The Frog has taken some big leaps, but it still can’t steal a kiss from Emmy.
Despite making inroads with viewers, critics and advertisers the past couple of years with shows such as “Smallville” and “Gilmore Girls,” the WB network — it refuses to be called a weblet anymore — remains shut out when it comes to television’s top honors.
“It’s like their shows don’t exist to the Academy,” says TV Guide critic Matt Roush. “And that’s surprising because the network has arrived. It’s a success.”
At Emmy time, it’s generally considered a disadvantage to be a young network, but Fox scored a major Emmy in one of its first few seasons (“The Tracey Ullman Show” for comedy, music or variety series in 1988).
The WB, on the other hand, has won a mere three Emmys in 14 noms since bowing in 1995 (for makeup, music composition and cinematography), and has been similarly snubbed by the Golden Globes (one win in four noms) and the Screen Actors Guild Awards (zero wins in two tries).
But this could be the year that the Academy of Television Arts & Sciences notices the Frog, which has assembled an impressive roster of skeins.
“Gilmore Girls” is considered by most critics to be among the wittiest programs on television, “Smallville” has become the net’s biggest hit and features some of primetime’s most impressive special effects, and freshman drama “Everwood” was the new hour that wowed critics most at last year’s upfronts.
It’s in “Everwood” that the WB perhaps has its best shot at major Emmy recognition. Show garnered a SAG nom for vet actor Treat Williams, and will be the focus of a marketing push by the network. One episode during the May sweep dealt with the issue of abortion — a rarity for broadcast television.
“We feel we’ve got some of the finest acting on television, and the SAG nomination for Treat was a real coup,” says Greg Berlanti, creator of the series. “It’s perhaps a broader-appeal kind of show than some of the network’s other programs, and it’s the most gratifying thing to hear that viewers are finding it by word of mouth.”
That might be what it takes to get the attention of the Acad, an older-skewing bunch than the Frog’s core audience.
WB Entertainment prexy Jordan Levin hopes “Everwood,” in which Williams stars as a New York neurosurgeon who is widowed and moves his children to a small town in Colorado, can help put the net on Emmy’s map.
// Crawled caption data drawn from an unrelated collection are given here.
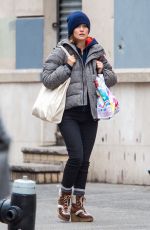 ROSE BYRNE Out Shopping at Whole Foods in New York 03/27/2017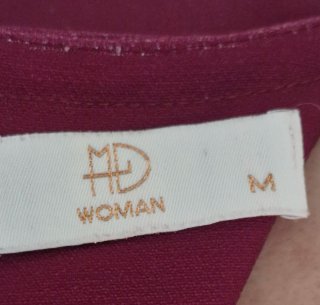 Vestido de manga corta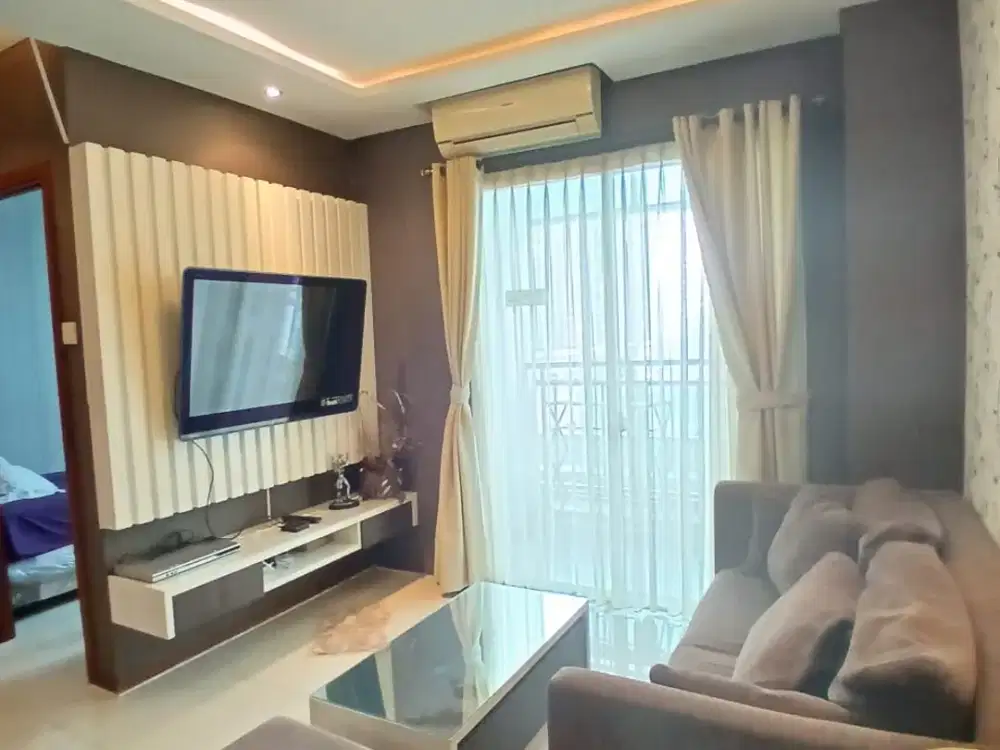 Disewakan Apartemen Thamrin Residences 2 Bedroom-Nyaman,Bersih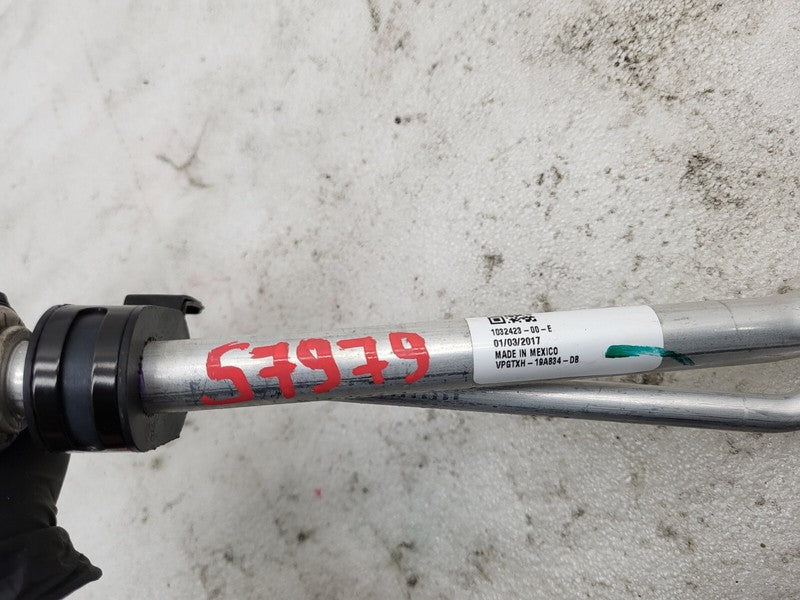 ⭕ 2016-2020 Tesla Model X MX Left Rocker to Right Vacuum A/C Line 1032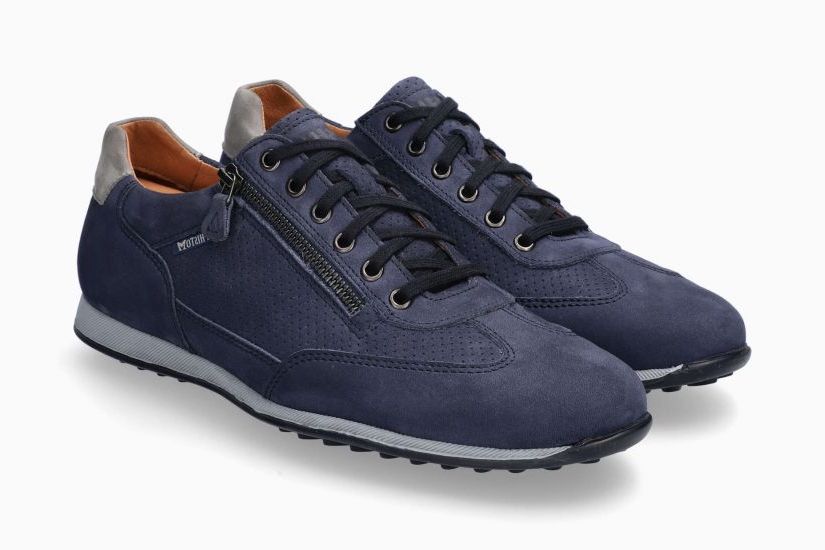 MEPHISTO LEON, NAVY NUBUCK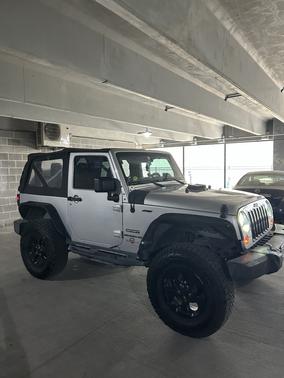 2012 Jeep Wrangler Sport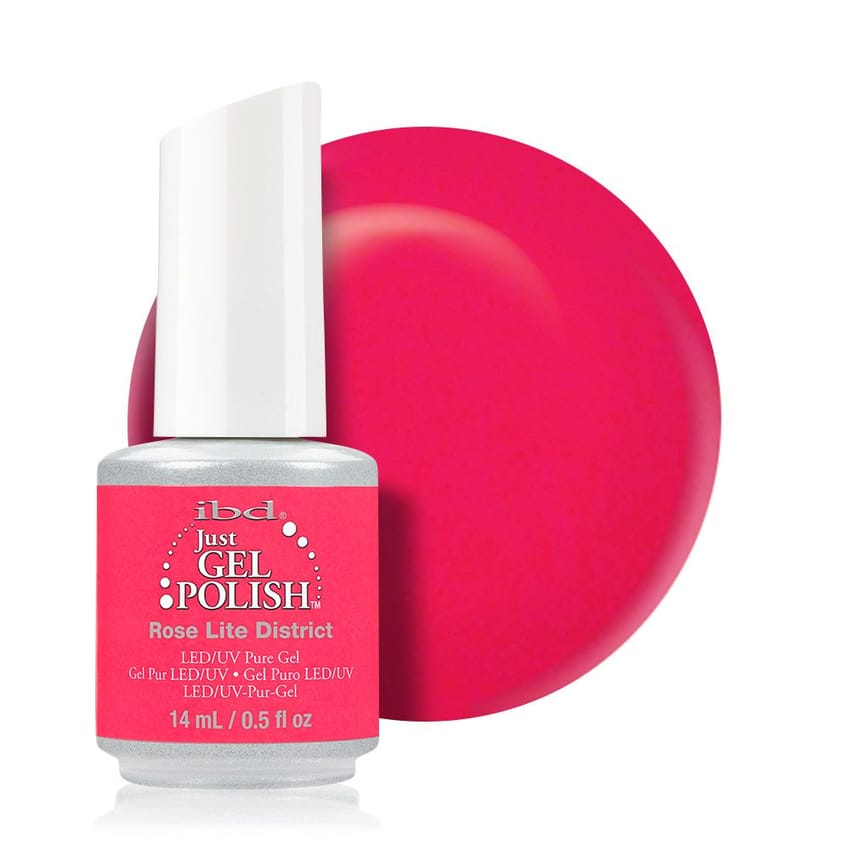 اي بي دي جست جل بوليش | nail-gel | gel-color | ibd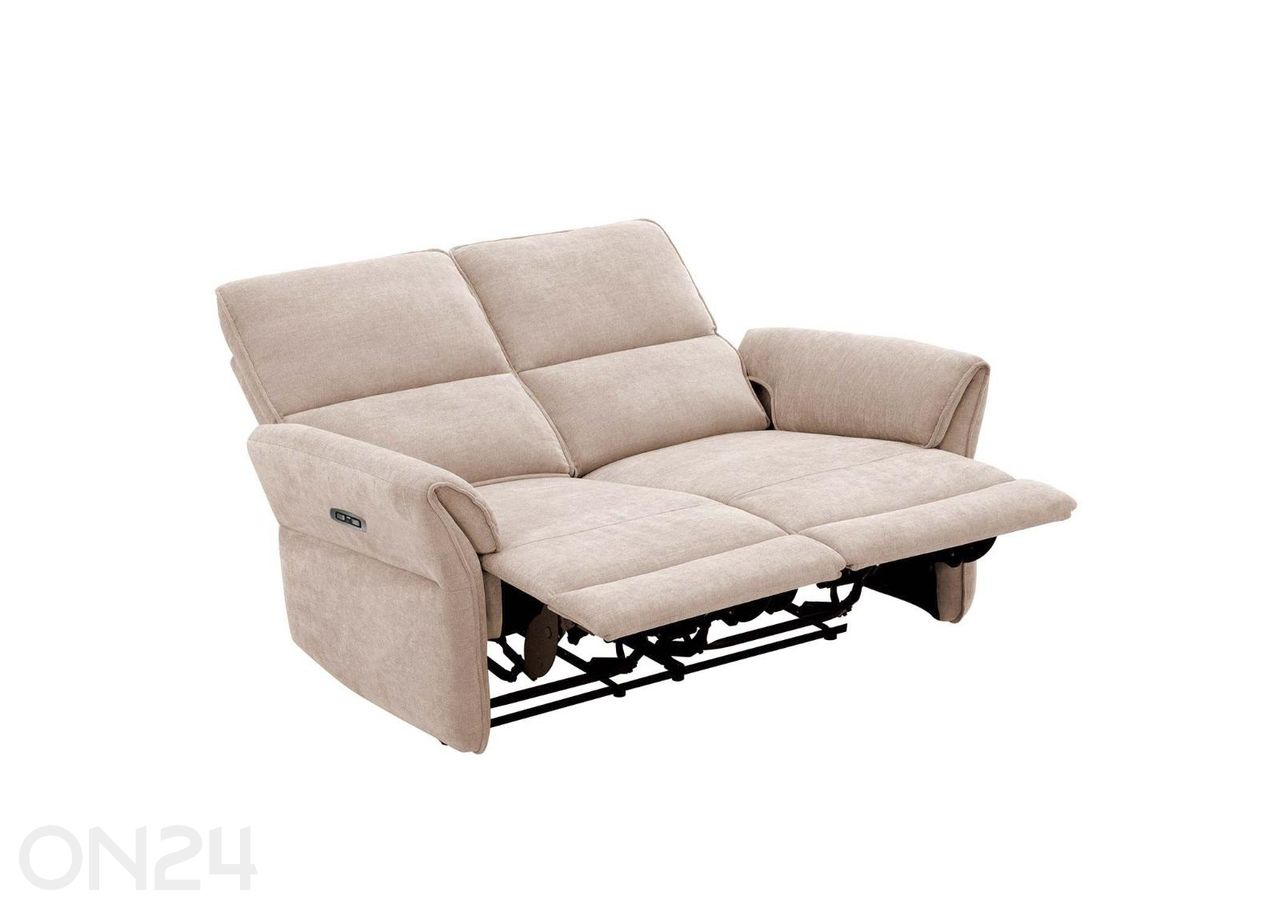 2-kohaline diivan Damika Recliner suurendatud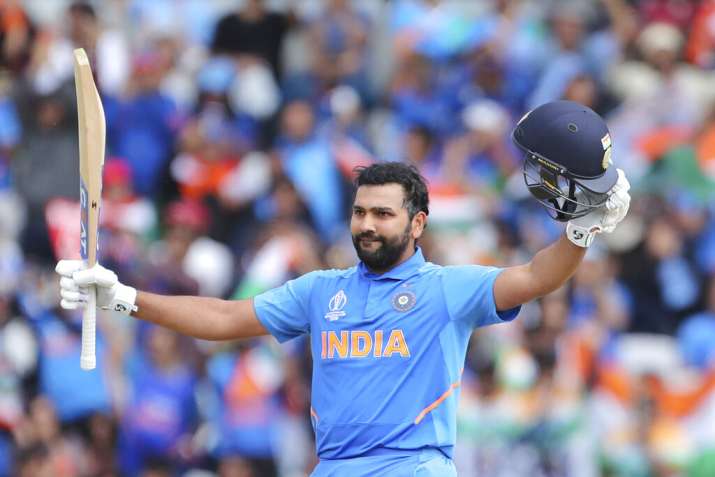 A five star HIT-MAN show! Rohit slams his fifth ton of tournament to ...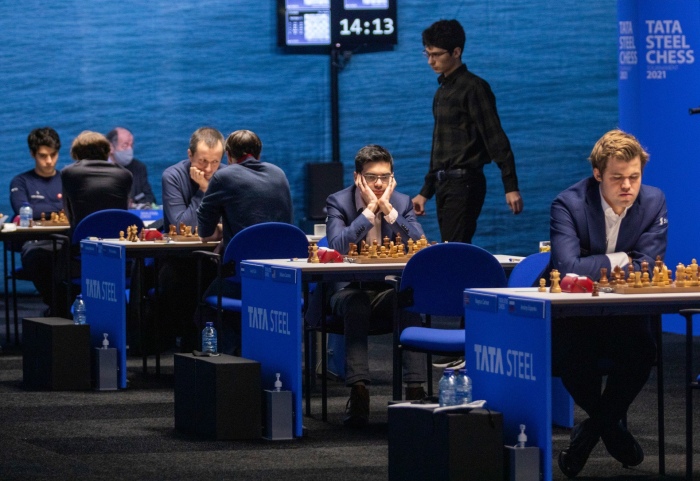 AlirezaFirouzja - Tata Steel Chess 2021 Round 8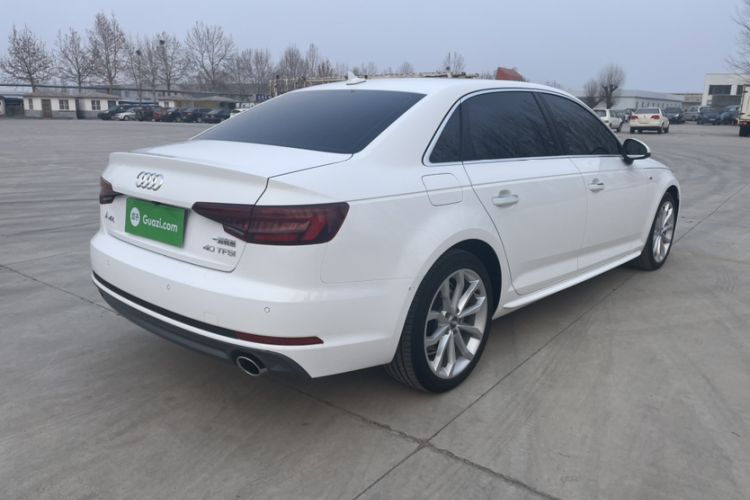 Used Audi A4L 2018 30th Anniversary Edition 40 TFSI Fashion Model Exterior 3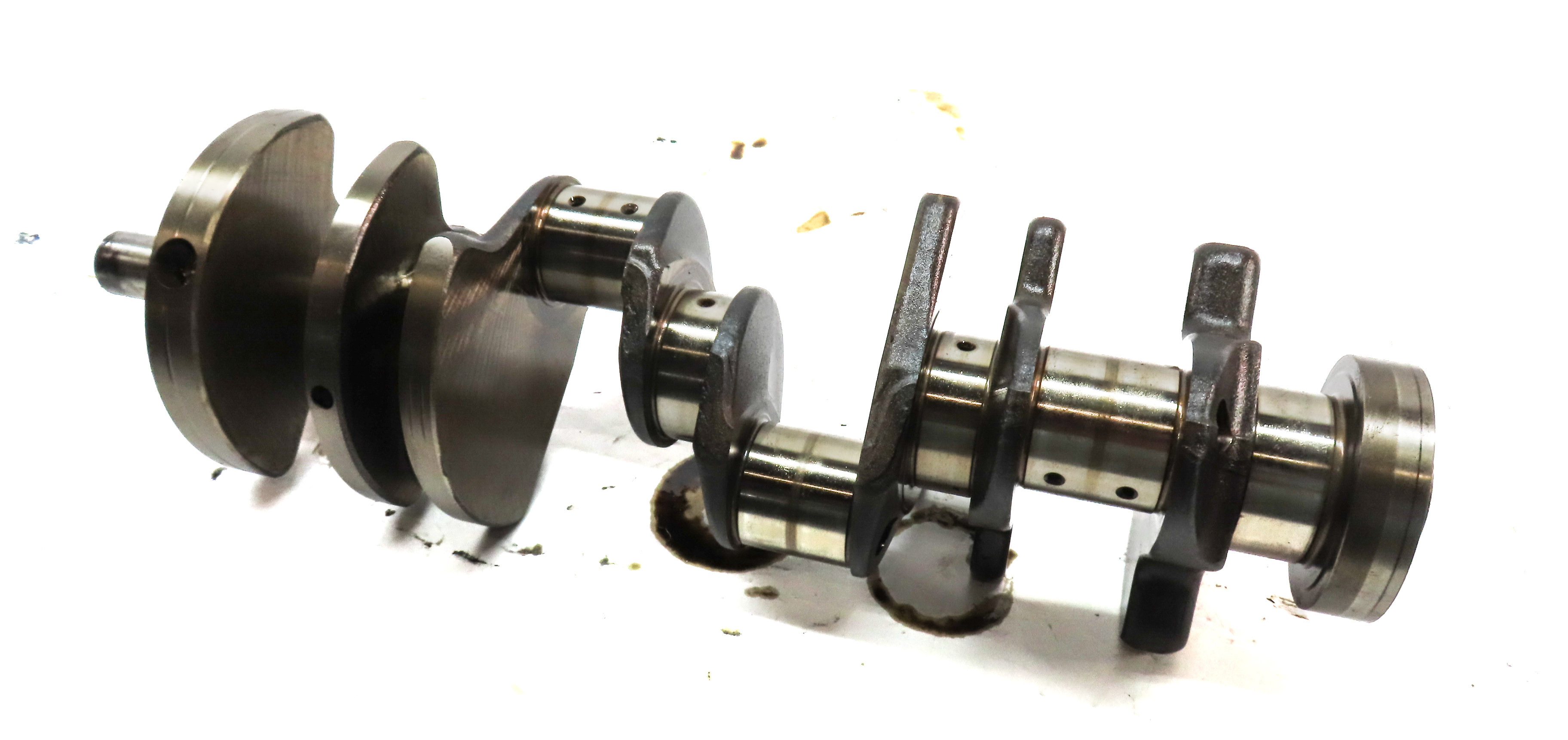 2013 MERCEDES ML550 (W166) 4.6L (278.928) ENGINE MOTOR CRANKSHAFT CRANK SHAFT — exact item pictured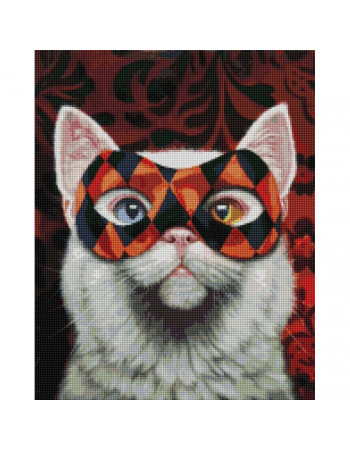 Алмазная мозаика 'Энигма' ©Lucia Heffernan DBS1213, 40x50 см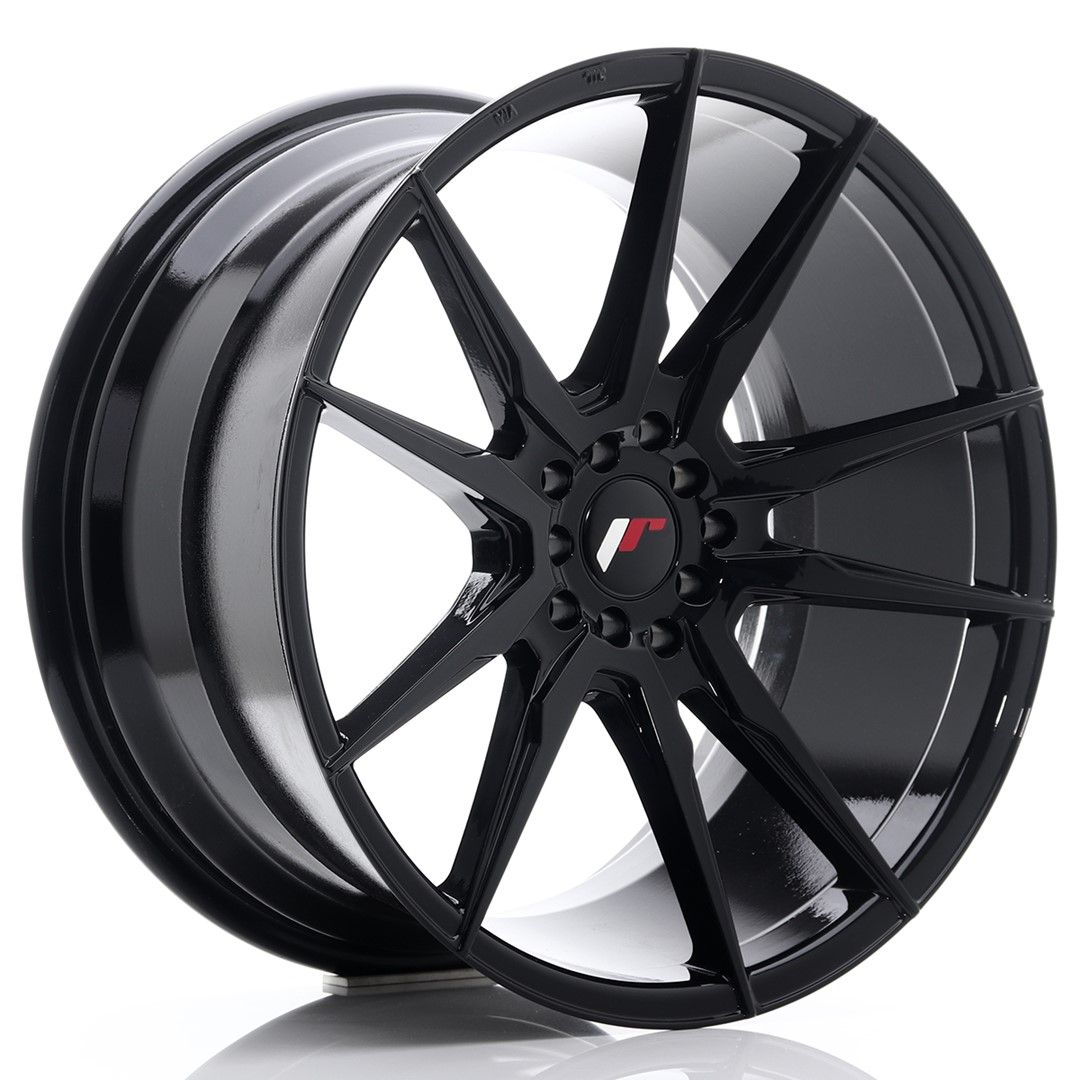 Image of JR-Wheels JR21 Velgen 19 Inch 9.5J ET35 5x100,5x120 Gloss Black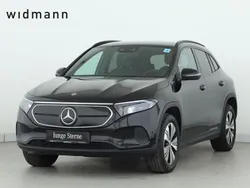 Nachtschwarz Gebraucht 2021 Mercedes EQA300 Progressive SUV | 29.850 € (Guter Preis)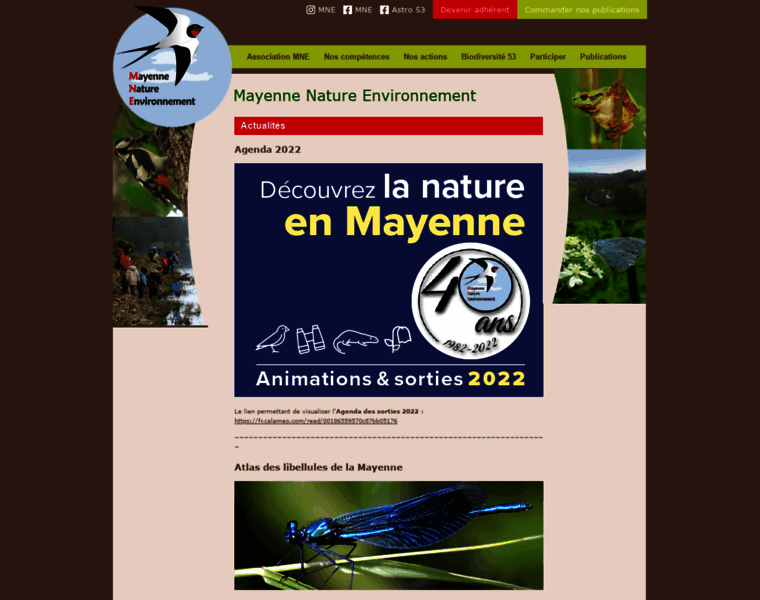 Mayennenatureenvironnement.fr thumbnail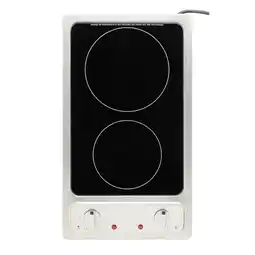 Netto Marken-Discount PKM Glaskeramik-Doppelkochplatte EB-GK-2R Angebot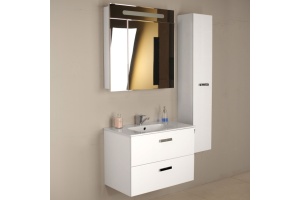 Мебель для ванной Roca Victoria Nord 80 белая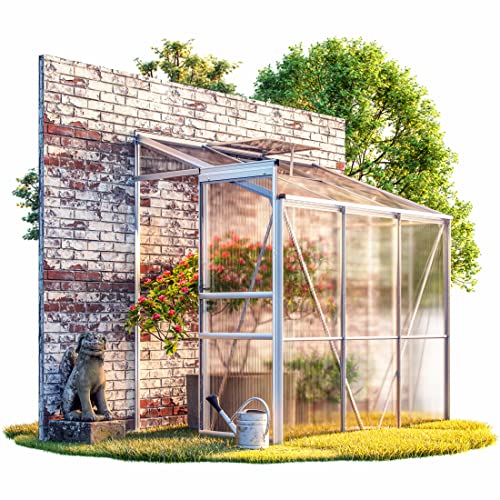 Gardebruk® Beistell Aluminium Gewächshaus...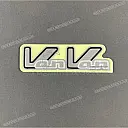 Frame cowling decal
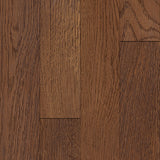 6.5mm w/pad Saddle Oak Waterproof WPC Vinyl Plank Flooring 3.26 in. Wide x Multi Length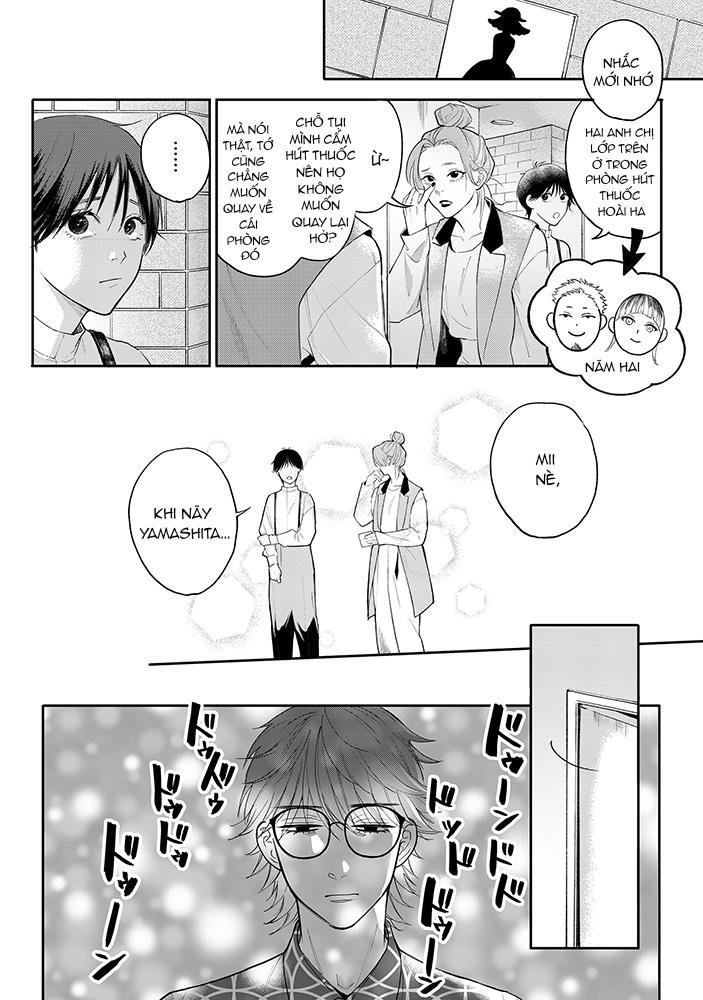 tại sao cậu lại không để ý đến tình địch của mình!? chapter 4 19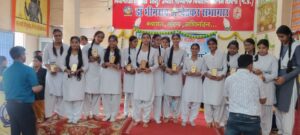 सिवनी सरस्वती शिशु मंदिर रिजल्ट 2026 - 94% रिजल्ट के साथ प्रज्ञांशी दुबे और संस्कार मिश्रा बने सर्वश्रेष्ठ छात्र-छात्रा। विधायक दिनेश राय ‘मुनमुन’ रहे मुख्य अतिथि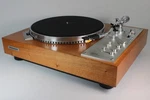 Pioneer PL-570 Quartz Pll Full Automatic Turntable Real Wood Veneer Plinth. Ex. Fixed Price $2350.00.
“We recognize that we need to break through with a nomination in order to remove the stigma that may exist with Academy voters,” Levin says. “‘Everwood’ is an accessible show that deals with issues that are compelling, so we hope to use it selectively for the goal of exposing all of our talent.
“Once you cross that threshold of credibility with the Academy, it opens up the doors for everyone.”
Among WB series that have been snubbed by Emmy was “Buffy the Vampire Slayer,” although it did win two minor Emmys five years ago and received the net’s only major nomination (for writing in 2000). “Felicity” also won a minor Emmy, but longtime family drama “7th Heaven” has been limited to one nom (for art direction in 1997) and “Gilmore Girls” has surprisingly been shut out.
Amy Sherman-Palladino, exec producer of “Gilmore,” says Emmy recognition would be nice, but it’s not a driving force. “You do the work because you’re proud of it and it gives you a reason to get up in the morning, but yes, I would love for the show to get noticed. Some good stuff is being done on the WB, and maybe a light shining on something Frog-like might help people realize that.”
TV Guide’s Roush thinks that one of the reasons why the WB is ignored — it failed to notch a single nomination last year — is that it is seen as a guilty pleasure network and its series aren’t as self-important as those on other nets.
“Some of the shows like ‘Angel’ or ‘Smallville’ are genre shows, fantasy shows that are well done but too often get ignored,” Roush says.
He points out that a series like the comedy “Reba,” starring Reba McEntire, would probably get recognized if it were on CBS, and that “Gilmore Girls” has had seasons as good as the best season of Fox’s Emmy-winning “Ally McBeal.”
“I can see how these shows fall through the cracks sometimes,” says Roush, “but to get completely ignored is embarrassing and unfair.”
For the network’s part, Levin refuses to believe that the Academy has anything against the Frog. “It’s not an intentional bias, it’s more systematic of the initial awareness levels of our programming and the circulation of a much older Emmy voting body,” he says. “As we grow, we’ll become more in their sights.”
A breakthrough for “Everwood” or another WB skein wouldn’t likely have the same impact on its future ratings as say NBC’s “The West Wing,” which spiked up after first winning the drama trophy three years ago.
“I don’t believe an Emmy will have much of an impact on our core 12-34 audience but it certainly could be meaningful to our talent,” he says. “It’s important that the creative community is aware of the support we give to our shows.”